Potential? I'd say the backlash is not a potentiality but an actuality. Messina's hand is on too many apparatuses; he's not leaving enough room for his fellow Democratic hacks. Not only are the grumbles about him being fueled, they are being launched—launched straight into the pages of Politico. And the grumbles themselves are cause for delight: at the backhanded, cloak and dagger way in which Democratic consultants act on their jealousy, envy, pride, and avarice, at their somewhat justified anger that an empty suit who happened to be in the right place at the right time is being garlanded as a political genius, a kingmaker, a tech guru, a powerbroker, a millionaire whose depth of knowledge of politics and policy equals that of bogeyman Karl Rove.

Liberals tend to ascribe wealth to luck rather than to hard work. It is a conclusion they may derive from personal experience. From the trust-fund babies who compose the ranks of the secretive and powerful Democracy Alliance, to the dilettantes whose fortunes came from the Harvard housing lottery, to the insiders like Messina whose status and finances and power is based on proximity to presidents and senators, liberal Democrats have a habit of falling ass-backwards into money.

Jim Messina is one lucky guy. If Mitt Romney had won the 2012 election, Messina would have shuffled off stage, unheralded and much poorer, eking out a (well compensated) living like every other consultant in the land. But Romney lost, and Messina's candidate won, and so he joined the ranks of storied political consultants, the Tucks, Deavers, Atwaters, Carvilles, and Axelrods, whose association with winning presidential nominees pays off not only in money but in an inflated public persona, in the assumption of a mythic image as the president's hidden hand, boy genius, dirty trickster, and architect. The best academic research may show that the political environment trumps campaign tactics, studies may reveal that Obama's ground game was not as powerful as advertised, but Washington's faith in the powers of its consultants lives on, rock-solid, impervious to evidence or doubt. It is the foundation on which D.C. fortunes are built.

What amuses me most is the self-deception, the lengths to which people will go to maintain the illusion that the money grubbing and empire building are part of a grand ideological project. Dismissing comparisons of Messina to Rove, Democratic donor John Morgan tells Politico, "The real difference is one has an outsized ego and it's about him, and the other has an ego that's very much in check and it's about the cause and the candidates."

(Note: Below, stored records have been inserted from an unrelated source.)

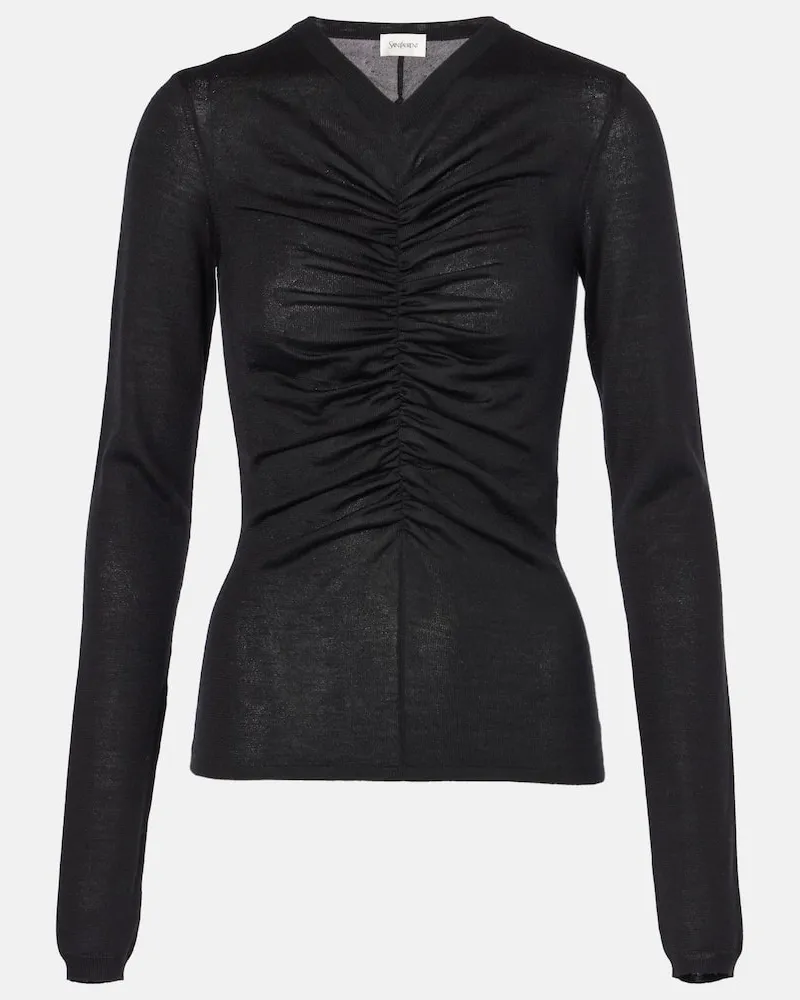 Saint Laurent Top aus Kaschmir, Wolle und Seide Schwarz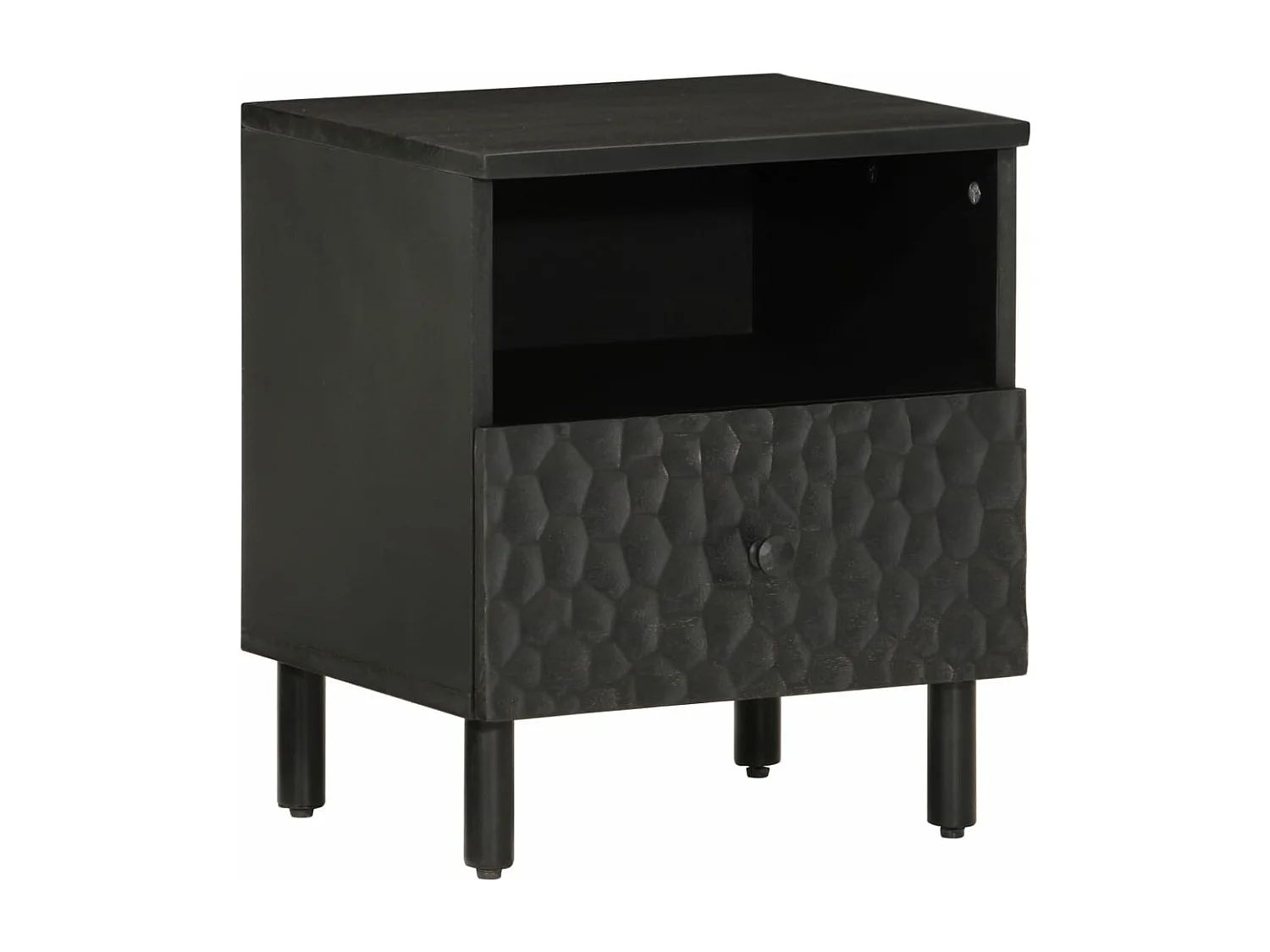 Helena-West Helena  Table de chevet noir 40x33x46 cm bois de manguier solide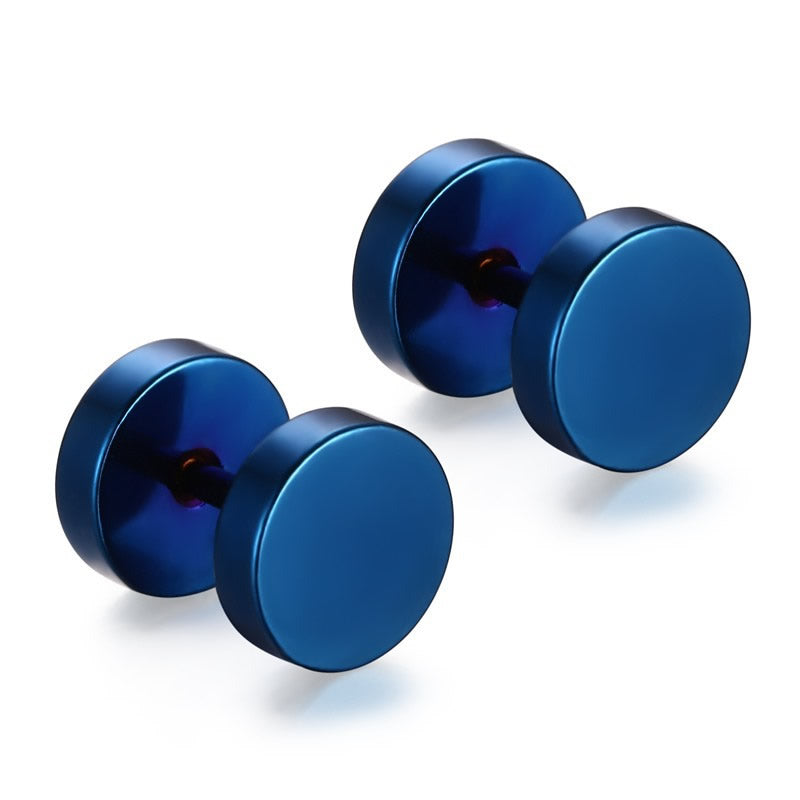 Round Blue Stainless Steel Fake Ear Plugs 5|6|8|10mm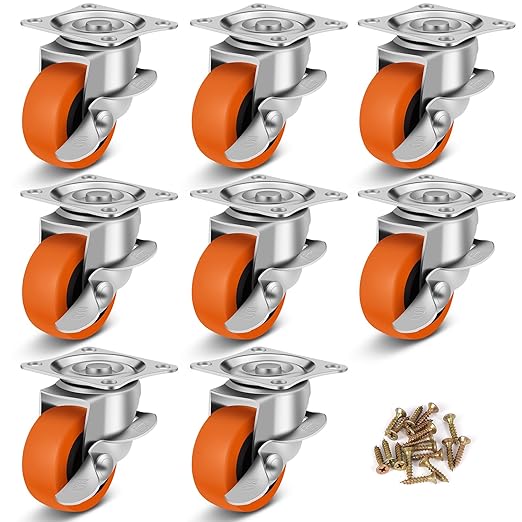 2" Caster Wheels, Casters Set of 8, Heavy Duty Caster by BOSGEOT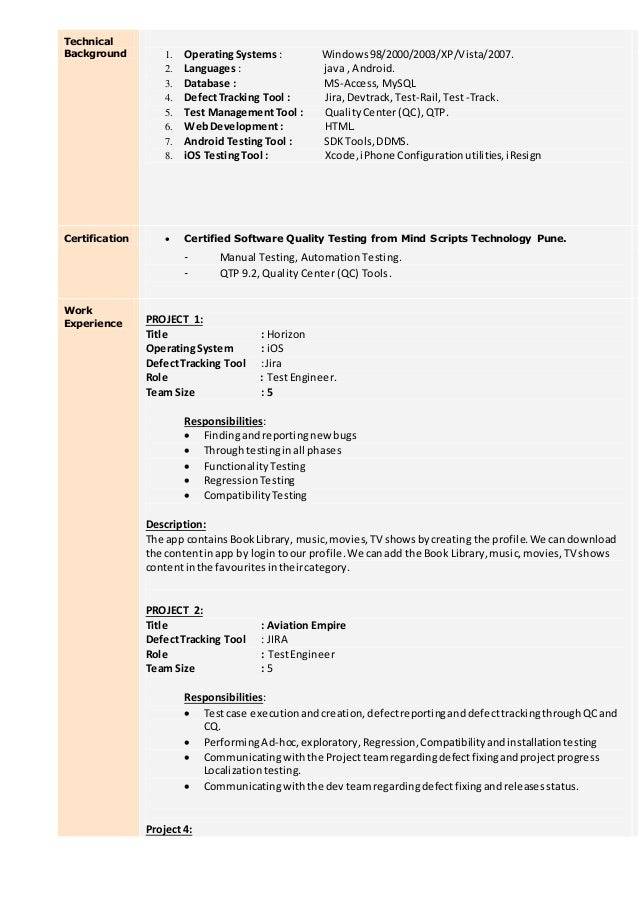 manual testing resume sample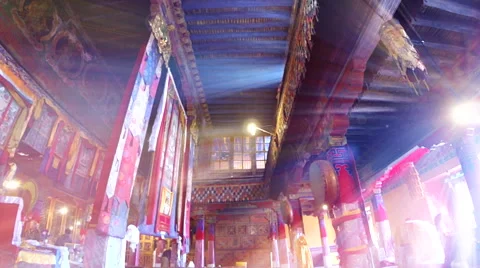 Tibetan Monastery interior No.1 Video stock 56179246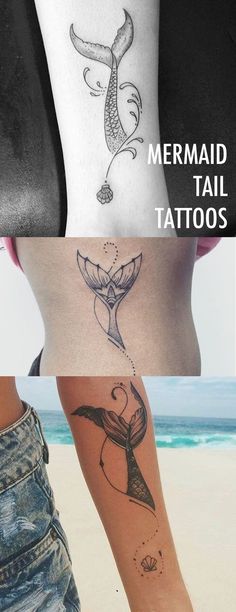 four different tattoos on the side of women's legs, one with a mermaid tail and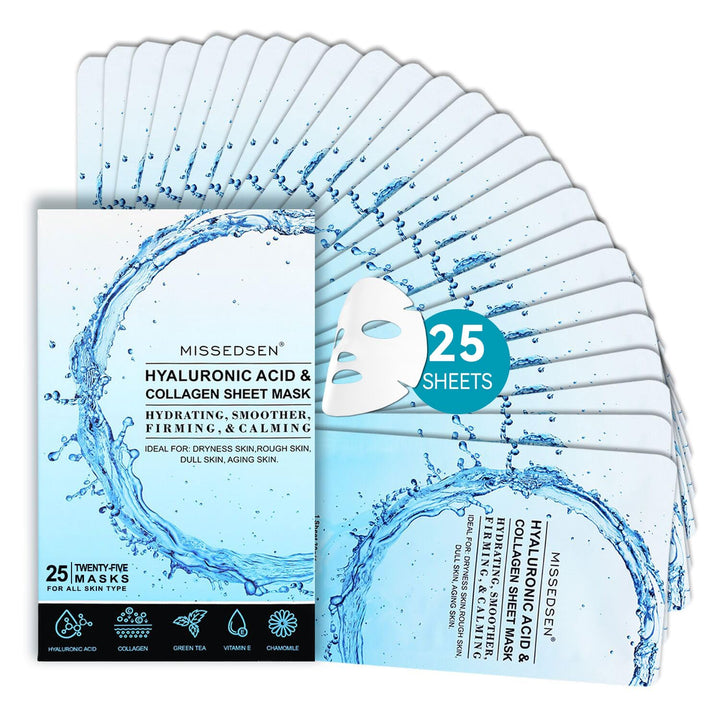 MISSEDSEN front packaging showing 25 sheet masks for convenient skincare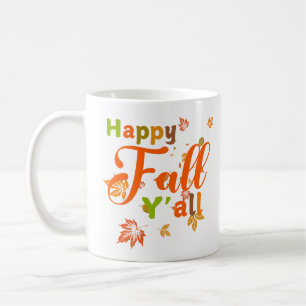 Färgfull Lycklig Fall Y med Höst löv Kaffemugg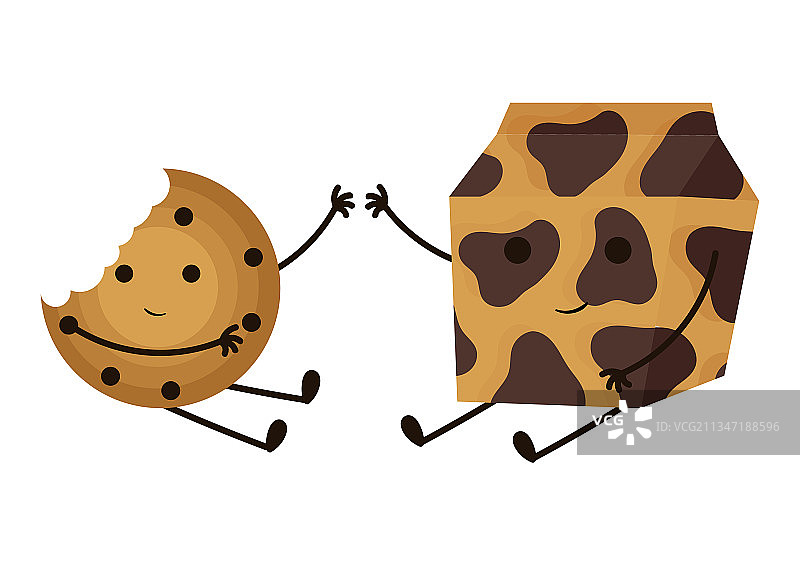 曲奇饼干和牛奶盒图片素材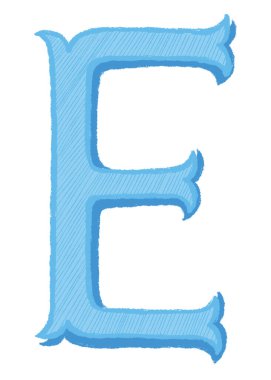 Beyaz arkaplanda E vektörü mavi harfi izole edildi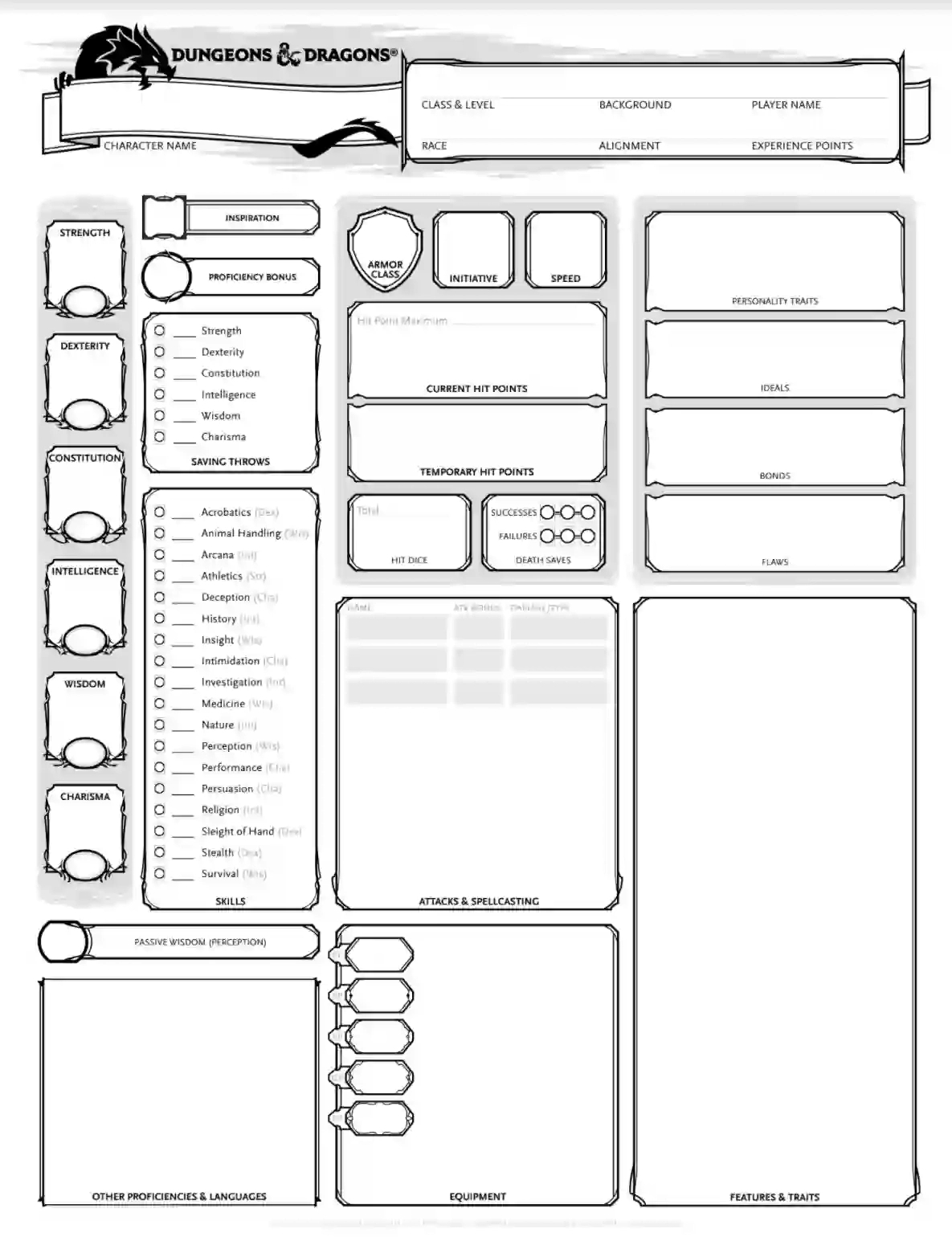 Dnd Character Sheet ≡ Fill Out Printable Pdf Forms Online intended for Dungeon And Dragons Character Sheet Printable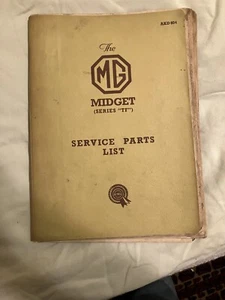 MG MIDGET Series TF Service Parts List, Factory parts Book with Illustrations - Picture 1 of 14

Ah yes, the cause and the candidates. Because the interests of the American Gaming Association align perfectly with those of contemporary liberalism, because speeches in repressive countries reflect the most sophisticated liberal judgment, because Prime Minister David Cameron is in complete sync with Lt. Gov. Anthony Brown. Why these conflicts of party and country and interest do not cause a mental hiccup in someone like Morgan is mystifying to me. Mystifying, but not surprising: Morgan's moral equanimity, his self-righteousness, his unthinking partisanship, and his blinkered demonization of opponents is standard issue bourgeois liberalism.

Messina himself was more direct when he told Politico last year that "What I want to do with my work is just work with people and causes that I believe in." In Washington the greatest cause we believe in is ourselves, our careers, our connections and our ambitions, and that is the very thing Messina is doing with his work. And if that leads to Hillary Clinton being elected president, all the better for him. She will be one more connection, and hers will be one more victory, that Messina can leverage for his own gain. What he should keep in mind is that empires become large, diffuse, and difficult to hold together, that other claimants to the throne inevitably emerge, and that emperors have a habit of meeting bad ends.